La troisième séance était consacrée aux conditions ambiantes : bruit, radiations, ozone, conditions météorologiques, etc. Le porte-parole du Weather Bureau américain montra que les météorologistes étaient conscients des besoins de l’aviation commerciale supersonique dans le domaine de la météorologie mais il du admettre que l’on possédait très peu de renseignements sur la couche de l’atmosphère dans laquelle doit s’effectuer le vol de croisière des avions concernés. Les données recueillies il y a relativement peu de temps dans le cadre du programme de recherches de l’année géophysique internationale montraient des variations très importantes des valeurs aussi fondamentale que l’altitude de la tropopause et la température à une altitude donnée (plus de 70°C à l’altitude-pression de 100 mb). La prévision des turbulences en air clair est un problème très sérieux et qui nécessite des recherches urgentes à l’échelle du globe. Pour ce qui concerne le voisinage du sol on manque aussi de données sur les possibilités de rafales entre 0 et 60 mètres de hauteur ce qui est très important pour l’atterrissage automatique.

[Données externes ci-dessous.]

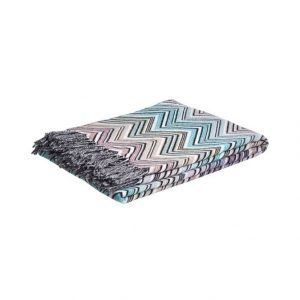 Missoni Home Perseo Huopa 130 X 190 cm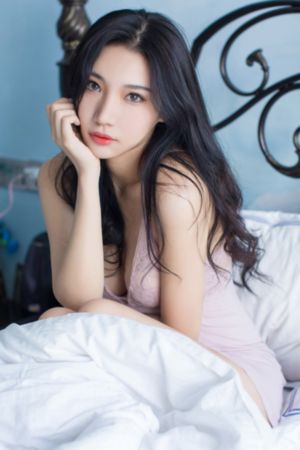 我的荣耀_国产剧在线播放观看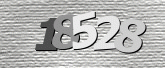 Imagem de proteccao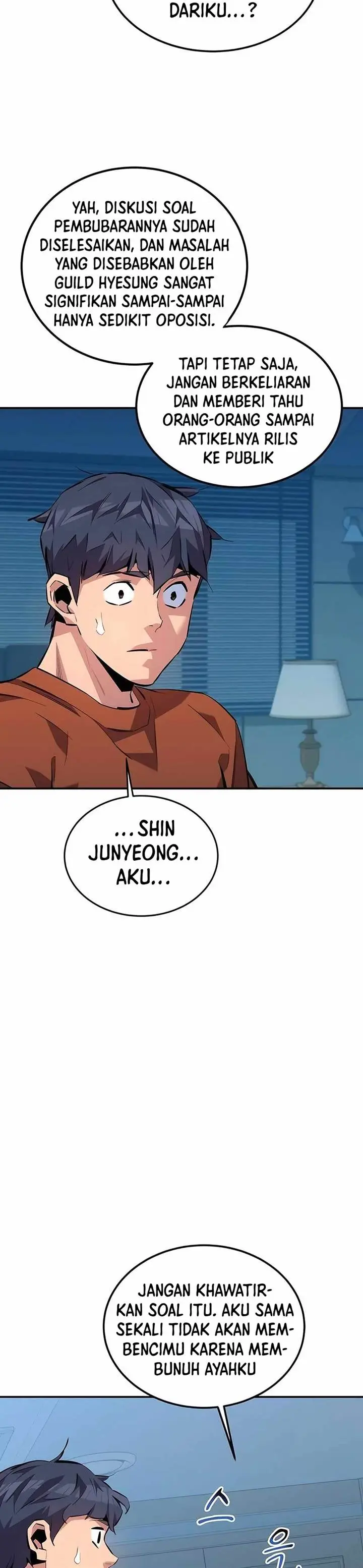 image-komik-auto-hunting-with-clones-chapter-115-31/51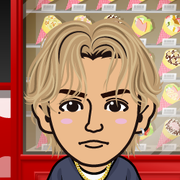 ���Y�qRAVERS�݁[��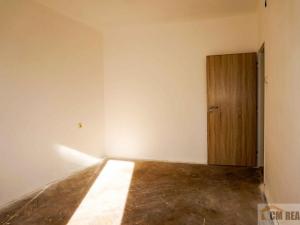 Prodej bytu 2+1, Přerov - Přerov VIII-Henčlov, Výmyslov, 48 m2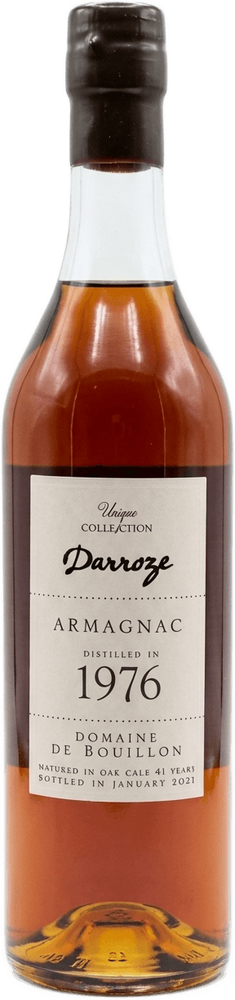 Domaine de la poste Armagnac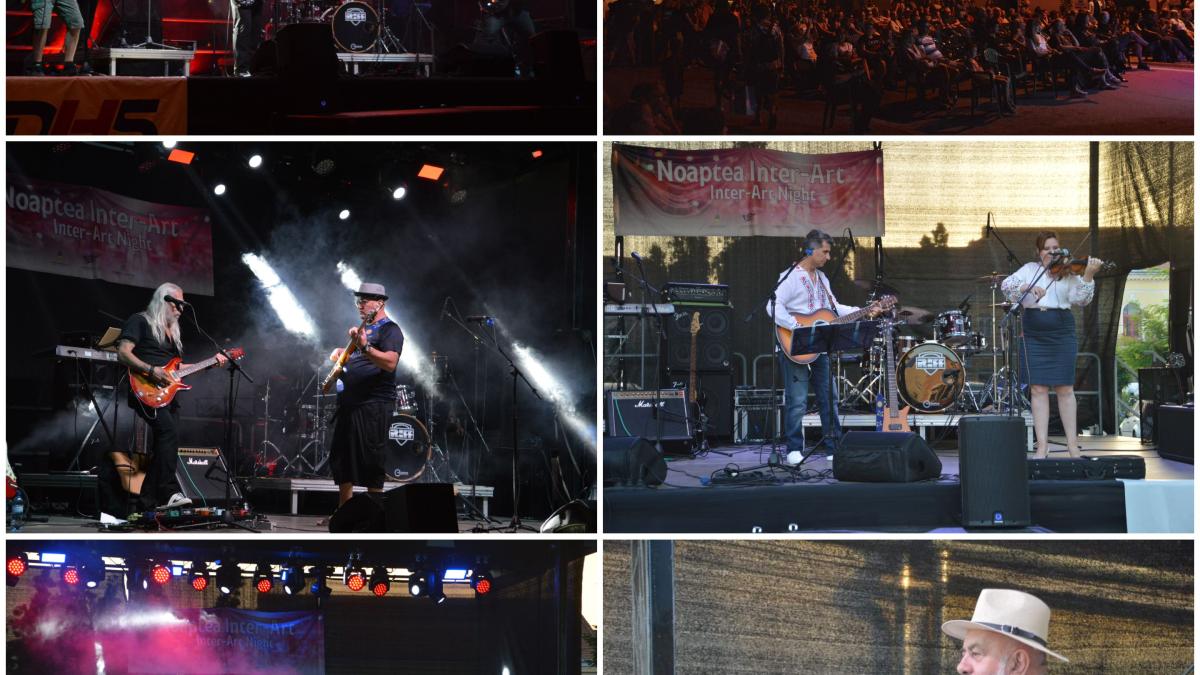 noapte-muzicala-in-inima-transilvaniei_47580600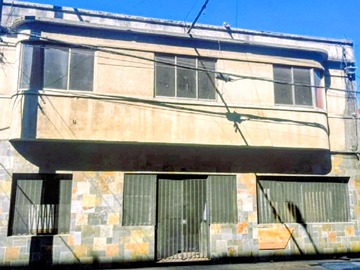 Venta / Local Comercial / Talcahuano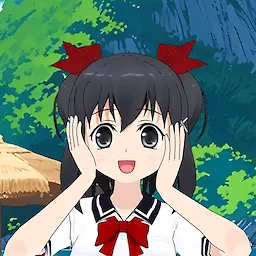 剧透角色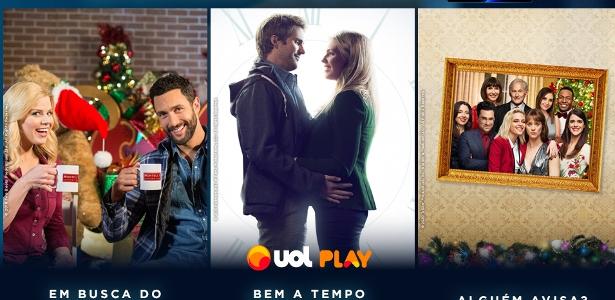series-sony-channel-que-chegam-ao-final-em-dezembro!
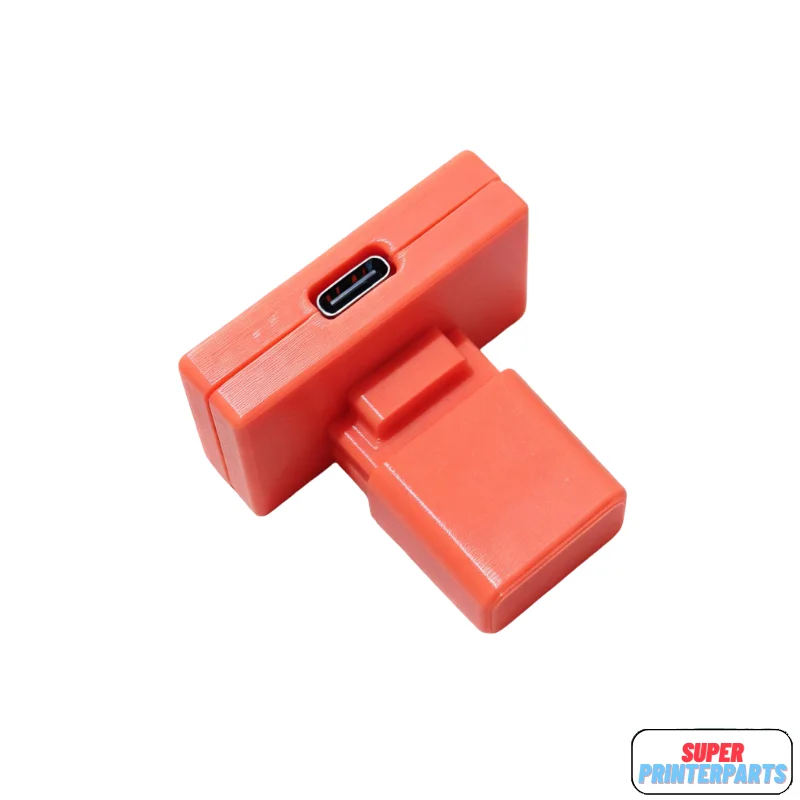 1x T04D1 C9345 C9344 T04D0 4-in-1 Maintenance Tank Chip Resetter For Epson L6490 L14150 ET-8550 ET-8500 XP-2101 XP-4101 XP-5105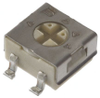 Trimmer Potentiometers -- 1675277 - Image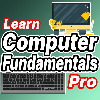 Computer Fundamentals Pro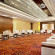 Beijing Taishan Hotel 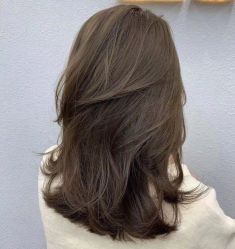 -时尚殿堂hair salon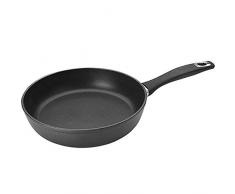 IBILI - SARTEN New INdePLUS 26 CM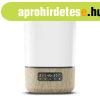 Breathe Humidifier WIFI prst mobil applikcival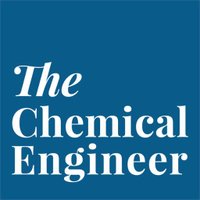 The Chemical Engineer magazine(@tcemagazine) 's Twitter Profile Photo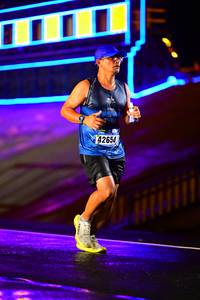 BIB: 42654
                            <button type="button" onclick="openModal(16832082)" class="btn btn-primary btn-sm float-right btn-popup" data-toggle="modal" data-target=".modal-high-quality">
                        <i class="fas fa-shopping-cart"></i> Add to Cart
                    </button>
                                            <button type="button" onclick="isThisMe(16832082, true)" class="btn btn-success btn-sm float-right btn-popup btn-isme hidden" data-toggle="tooltip" data-placement="bottom" title="นี่คือรูปของคุณใช่ไหม คลิกที่นี่เพื่อเอาเข้าอัลบั้ม">
                        <i class="fas fa-plus"></i> Add to album
                    </button>
                    <button type="button" onclick="isThisMe(16832082, false)" class="btn btn-warning btn-sm float-right btn-popup btn-isnotme hidden">
                        <i class="fas fa-ban"></i> Remove from album
                    </button>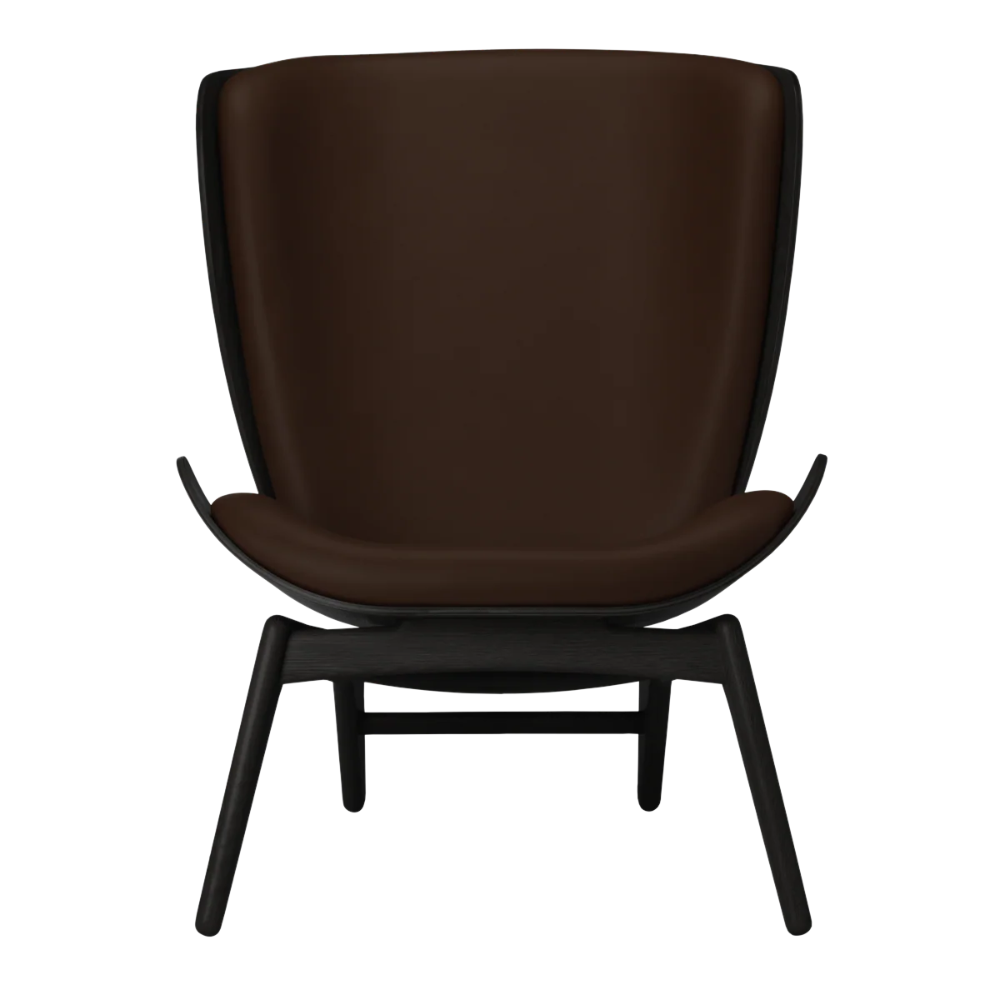 Umage The Reader lænestol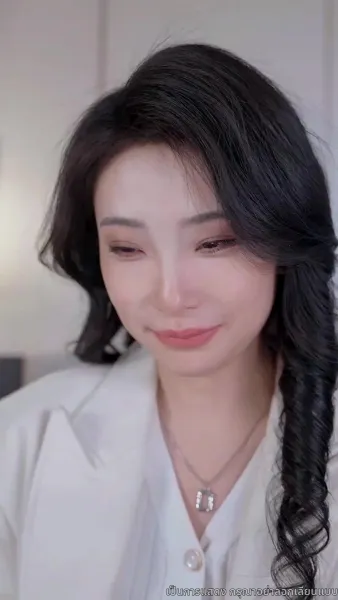 คู่แค้นคู่รัก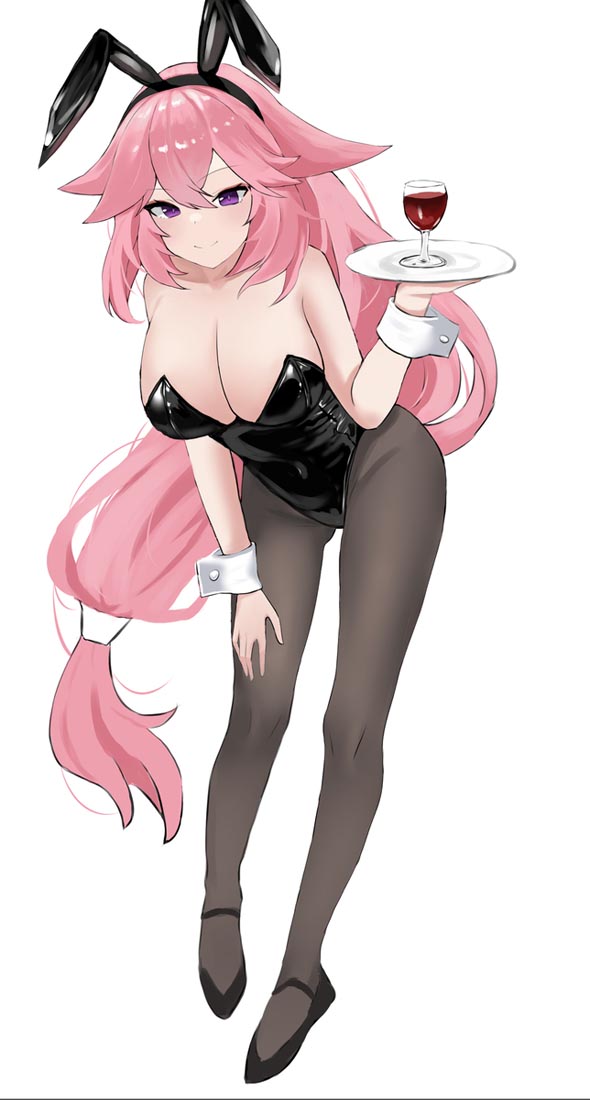 【230920】合集同人图#晚安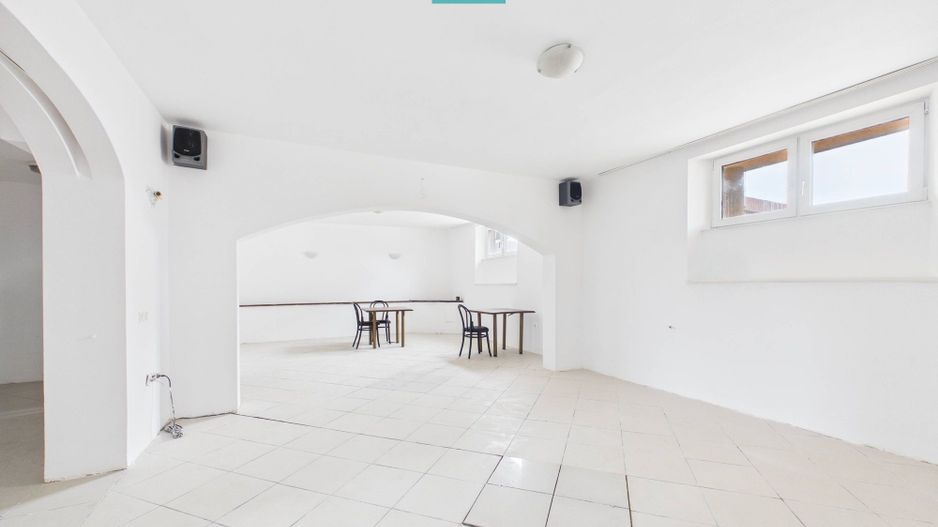 Casă în zona turistică maximă, Băile 1 Mai, Oradea - Poză 18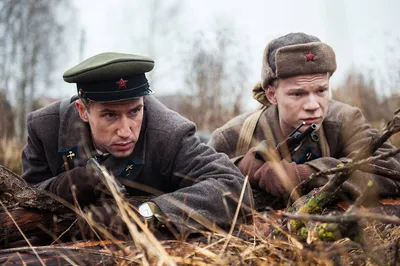 Картины на Военную тематику. К 9 мая. День победы: Акции и распродажи в  журнале Ярмарки Мастеров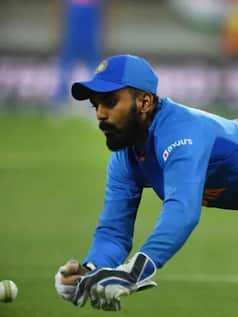 ये हैं विश्व कप के किसी एक एडिशन में भारत के सबसे सफल विकेटकीपर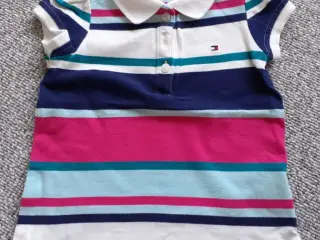 Tommy Hilfiger polo str 92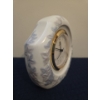 Image 6 : LLADRO 1988 Quartz Porcelain Clock - 6W, 2D, 6T 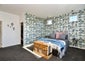 34 Garreg Road, Fendalton, Christchurch - Carousel 11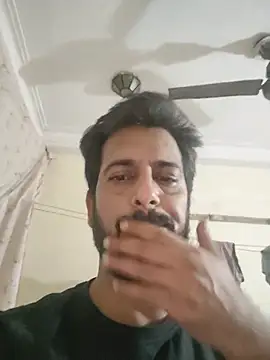 Latest first time jerk off eachother dick full nude n asswhole - відео від вебкаммоделі INDIANJONNYSINN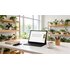 TCL TAB A1 Plus Snapdragon 128 GB 31 cm (12.2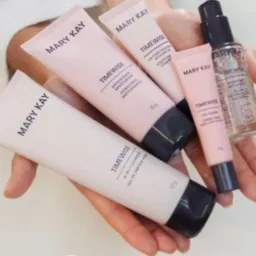 OFERTAS MARY KAY💄( VIPS)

Le spécialiste de la question bruit expliqua à son tour très clairement la formation et la propagation du bang sonique. Il semble que les surpressions supportables au sol aient été correctement évaluées et si celles produites par l’avion ne dépassent pas les chiffres calculés, il n’y aurait pas d’ennui de ce côté-là. Il y a cependant un hic : en parlant du bruit au décollage l’expert envisagea le maintien des procédures employées pour réduire le bruit des avions à réaction. Le transport supersonique ne produirait ainsi pas plus de bruit qu’eux et peut-être légèrement moins. Cette annonce a été mal accueillie. Le pilote de ligne n’aime guère une procédure qui l’oblige à réduire considérablement la puissance et à changer l’assiette de son avion près du sol au cours du décollage et du début de la montée. Il considère que cette manœuvre l’amène trop près des limites de sécurité et il n’est pas convaincu qu’elle réduise les perturbations apportées au sol par le bruit de l’avion. Le niveau du bruit au-dessus de l’appareil de mesure peut rentrer dans les limites prescrites mais il se trouve produit plus longtemps au cours d’une trajectoire beaucoup plus longue et intéresse ainsi une zone beaucoup plus étendue. Une montée à l’angle maximal semble par conséquent une solution bien meilleure du point de vue du bruit tout en étant sans doute possible la solution la plus sûre.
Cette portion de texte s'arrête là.